Em leaned over to Reshid. “We’re going to have to help him walk, he’s not going to make it. Look at his leg.”
She had a point. The soldier’s knee bent sideways unnaturally when he put weight on it, though that didn’t seem to bother him. He didn’t even really seem to hear them.
Reshid hadn’t reached quite such a state himself, but the memory of becoming weaker and more helpless with every passing hour was fresh in his mind. Compared to himself, the soldier seemed to take his deterioration stoically.
Maybe the man’s mind had started to start dissolving along with the rest of him. Regardless, nobody else was going to do it.
He nodded to Em, and stepped behind her to wait, so her wind would carry the smell away from him.

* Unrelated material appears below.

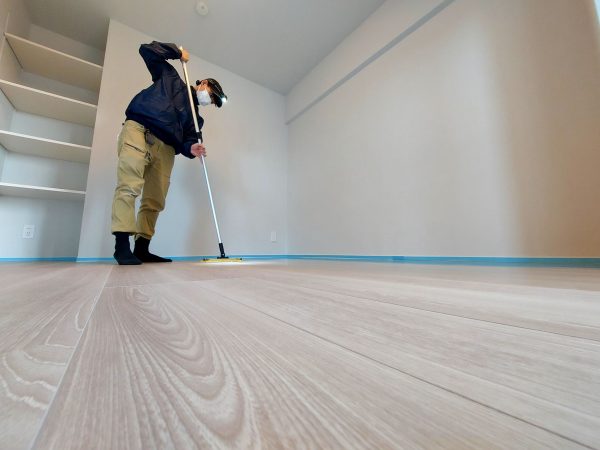 東京都葛飾区 フロアコーティング 施工中 UVコーティング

Another man waved to Hasan and approached, receiving a friendly nod in return. Reshid recognized him as one of the slavers that had captured him a few days before. He had eyes like those of a cat, and clawed, short-fingered hands that managed to look terrifying and impractical at the same time. In the relative silence, Reshid could hear their quiet conversation.

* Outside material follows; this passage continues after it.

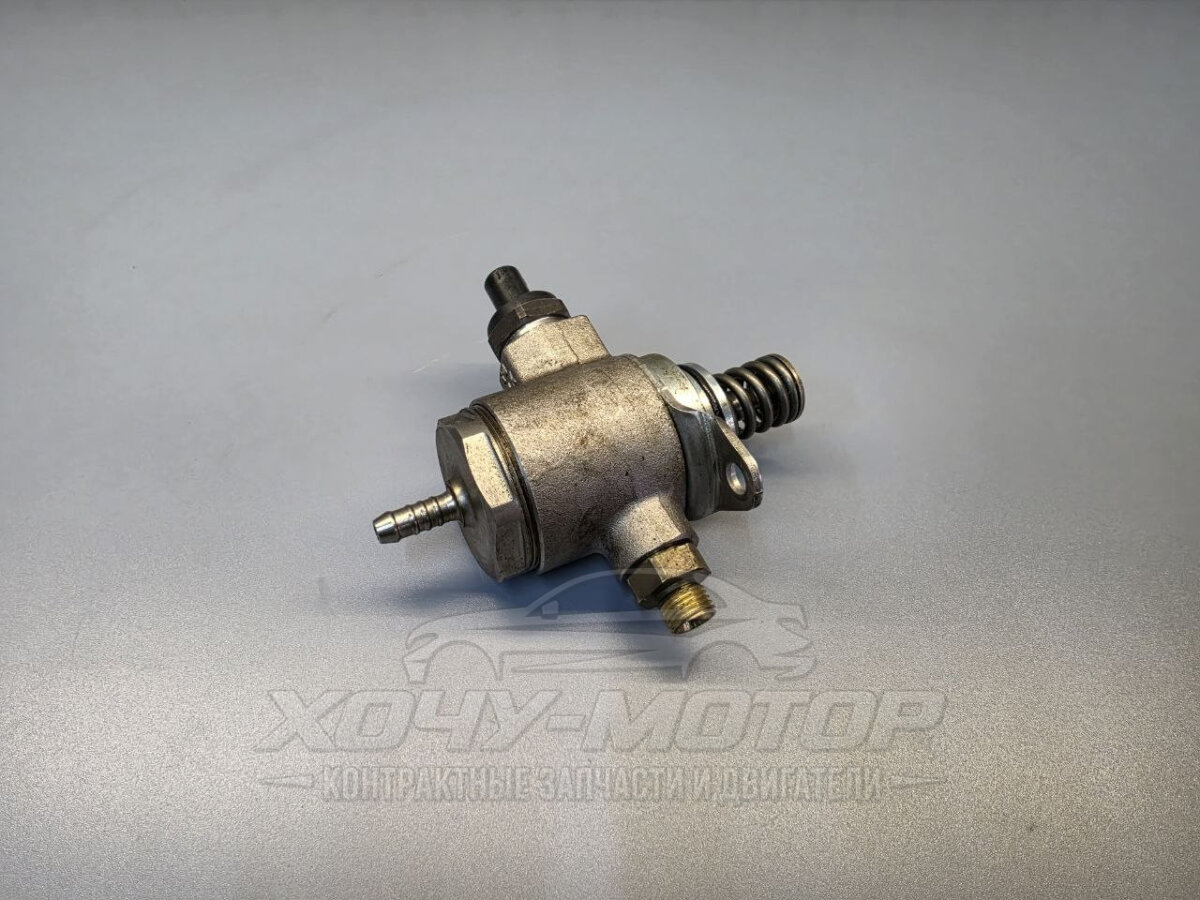 Топливный насос ТНВД Audi A4 B8 2.0 L CDN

“Hasan. How… …nd who’s the pinky?” The man said, nodding toward the human.
“My employer”, Hasan replied, emphasizing the word, “is building what he calls mutually beneficial relationships in the Deep Paths. He’s supposed to have some influence on the surface. Seems legitimate so far, and he and I had a mutual acquaintance. He’s certainly got money and people.”
The man looked skeptical, but Hasan’s expression was determined. He leaned in, whispering something more quietly.

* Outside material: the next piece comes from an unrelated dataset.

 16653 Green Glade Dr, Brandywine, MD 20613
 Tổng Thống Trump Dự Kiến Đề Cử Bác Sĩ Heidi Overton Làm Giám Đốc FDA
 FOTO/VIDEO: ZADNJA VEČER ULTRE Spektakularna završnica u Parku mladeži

“No. This could be just what we need down here.” Hasan replied seriously at a normal volume, putting his hand on the man’s shoulder, “They need a lot of hands, Avin. You should come join us. Things are heating up. I hear the ghouls...”
Avin cut him off with a scowl. “Not here!” He looked around, making sure none of the others had heard Hasan. Reshid looked down at his feet, but strained his ears to catch as many words as he could as Avin continued.
“.... later... find you. You need to be careful… bad.”
When Reshid risked another glance, the other man was gone.
The human returned, tying his purse back onto his belt with a smug smile on his face. He gestured to Hasan without looking at his newly purchased wares, and the guard picked up one end of the chain and tugged, leaving the now thoughtful-looking slaver, Avin, to watch them depart. Reshid and the rest of the column followed.
They trekked for over an hour along a simple but well-maintained dirt road that led out of the massive, brightly lit cavern through a narrowing crack into a tunnel. It quickly became apparent that the badly decayed soldier was in far worse shape than the rest of them, though several others looked almost as bad. Em, who was shorter than him, threw his arm over her shoulder to lift him more effectively as he stumbled along. Reshid grabbed his other arm and helped to keep him upright, but he was unwilling to get too close. He was… moist.
The road was the first indication of any sort of civilization that Reshid had seen since waking. It had been built by hand, and the tunnel was lit at regular intervals by milky white light crystals that were embedded directly into the rock. Not far ahead, what looked like bright sunlight shone into the tunnel’s exit.
The surface? Impossible. They were far, far below even the deepest mines. Still, as the line of slaves stepped outside, he felt a breeze stir in the air. They emerged at the top of a slope that led downward into a forest. This wasn’t the surface.
The cavern was enormous, easily miles across. Looking up, Reshid found the source of the light. It was lit by crystals, much like the cavern they had left an hour earlier. Unlike that cavern, though, these crystals were much, much bigger, and blindingly bright— blazing like suns in miniature. Some even jutted from the cavern wall beside them, casting barely visible shadows in all directions along the walls. Hazy clouds rose from the forest, obscuring the view into the distance where Reshid could make out what he thought might be the far cavern wall.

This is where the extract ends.